Dead People Received Stimulus Checks
The Treasury Inspector General for Tax Administration said in a June 2020 report that economic-impact payments were given to individuals who were deceased or incarcerated. 1.2 million payments totaling $1.6 billion were made to the deceased. According to the IG investigation, the IRS was informed at the time.
Two inmates in California jails filed a federal class-action lawsuit in August 2020 against then-Treasury Secretary Steven Mnuchin over the payment restriction. According to the Inspector General, the IRS subsequently explained that deceased individuals and those in jail should not have been included in economic-impact payments.

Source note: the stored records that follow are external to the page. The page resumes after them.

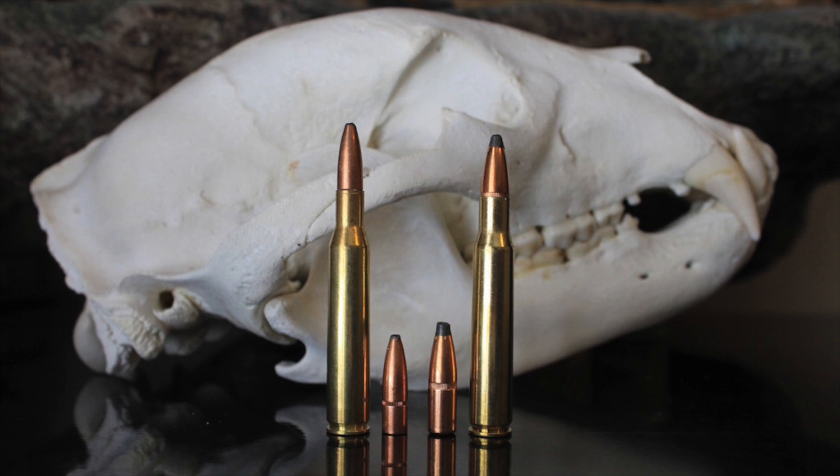The 270 and the 30-06 are both great rifle cartridges. While each may be better suited to specific situations, they're both very solid performers overall. The difference between them is not as great as some people think, and the animal will never know the difference if your shot is placed in the right spot.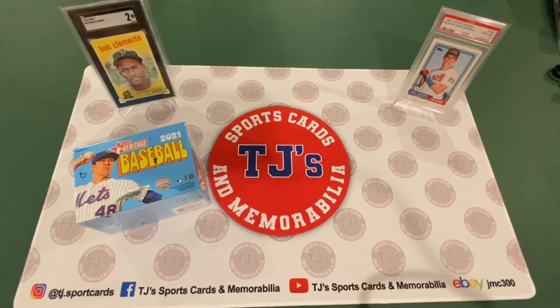Hey guys, Josh at TJ Sports Cards here. I haven't done a video in a while for a box break because I haven't gotten any cards in to open recently. But we're going to do a box I was able to get on Topps' website. It's 2021 Topps Heritage Baseball.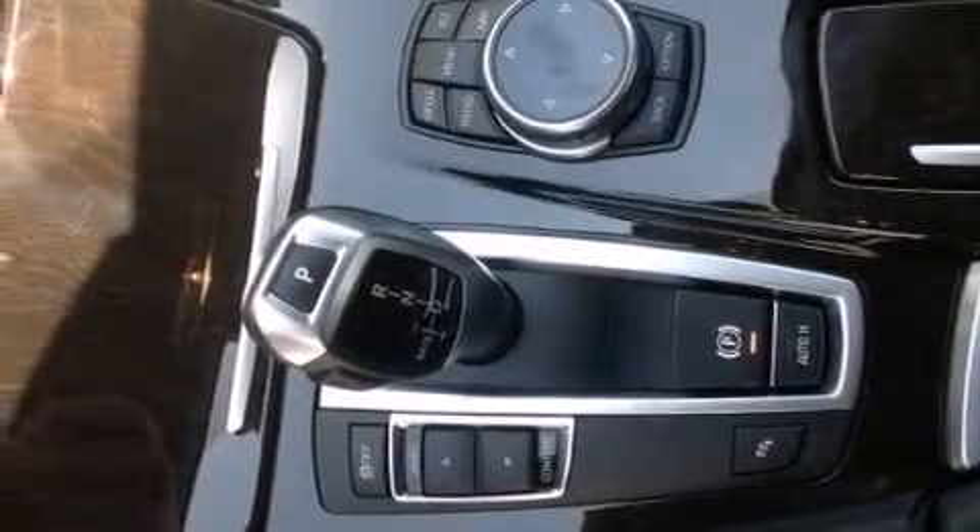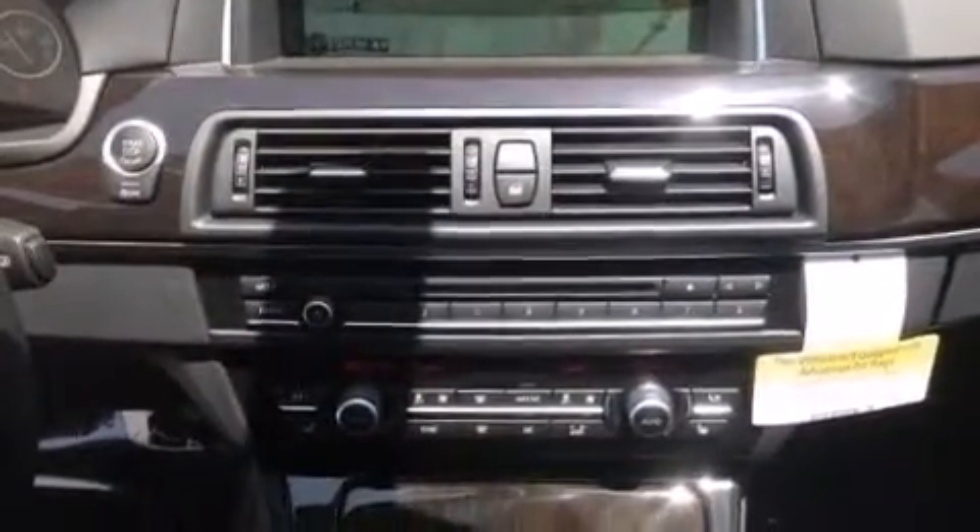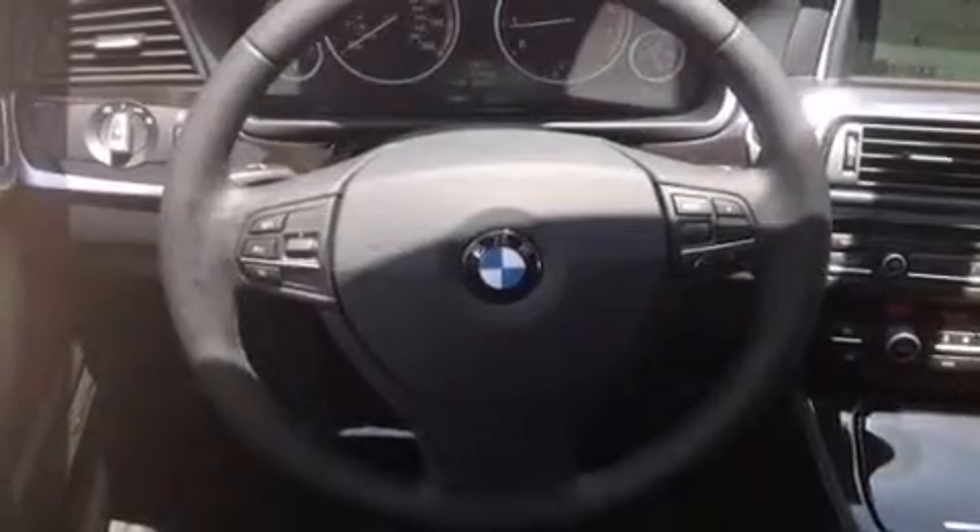Steering wheel memory settings, a split folding rear seat, and heated seats that can warm you up in seconds, keeping you and your passengers comfortable the whole trip.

IG said in its report that "In response, IRS management noted that payments to these populations of individuals were allowed because the CARES Act does not prohibit them from receiving a payment," according to a published report in Daily Advent.
U.S. District Court Ruled Incarcerated Persons Could Receive Payments
In October, US District Court Judge Phyllis J. Hamilton decided that individuals who are imprisoned may receive compensation. Excluding people from stimulus funds simply because they were imprisoned was "arbitrary and capricious," she said.
Meanwhile, Colin Scholl and Lisa Strawn, both imprisoned, claimed in their lawsuit that the Internal Revenue Service has no legal basis for withholding, retracting, or requesting that others intercept stimulus payments to incarcerated people.
Democratic Senator Argued Imprisoned Persons Should Receive the Payment
In a published article in Law Enforcement Today, during the debate on whether or not prison prisoners should get stimulus payments on the Senate floor, Democratic Senator Dick Durbin made a dramatic argument that not providing jail inmates stimulus money might result in black children with imprisoned parents going hungry.
The issue of prisoners getting pandemic money was a key problem that Republicans sought to solve during the development of the American Rescue Plan. The reason for this is because both of the 2020 stimulus legislation resulted in jail prisoners getting stimulus money owing to an error in previous laws that did not include language prohibiting this.